Want to learn about the 555 Timer IC? In this Instructable I'll show you how to add a 555 to your collection of Snap Circuits blocks and build circuits you can use to experiment with the following:

Build an optical Theremin

Build practical joke lie detector.

Does adding salt to water decrease it's resistance?

Use a magnet to alter the pitch of the 555 timer circuit.

Make a pencil lead (graphite) organ.

Use the 555 circuit as a cable tester.

Build a tone generator

Test Pusle Width Modulation (PWM) with combination centrifuge/magnetic stirer.

Operate a Lego grabber arm

Currently there are no Snap Circuits sets that have the 555 Timer IC. So, you will need to purchase a 555 Timer IC from Allied Electronics or your favorite electronics supplier. If you don't have the Snap Circuits Extreme SC-750 set you can purchase the Snap Circuits Eight-Pin IC Socket block from C&S Sales. Adding these two components to your set of Snap Circuits blocks will allow you to create dozens of circuits built around the 555 Timer IC.
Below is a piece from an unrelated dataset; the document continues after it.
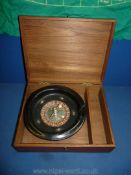 A boxed Roulette with green cloth, 1910.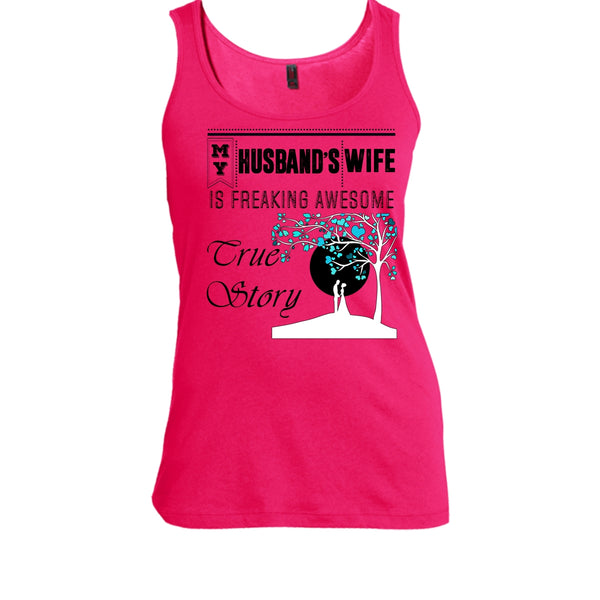 My Husband's Wife T Shirt, Coolest Wife T Shirt, Awesome t-shirts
Snap Circuits is an educational toy that teaches electronics with solderless snap-together electronic components. Each component has the schematic symbol and a label printed on its plastic case that is color coded for easy identification. They snap together with ordinary clothing snaps. The components also snap onto a 10 X 7 plastic base grid analogous to a solderless breadboard. There are several Snap Circuits kits that range from a few simple circuits to the largest kit that includes 750 electronic projects.

All the kits include manuals printed in color with easy to follow diagrams to assemble the projects. The illustrations for each project look almost exactly like what the components will look like on the base grid when finished. Because the electronic symbol is printed on each electronic component, once the project is completed, it will look almost exactly like an electronic schematic.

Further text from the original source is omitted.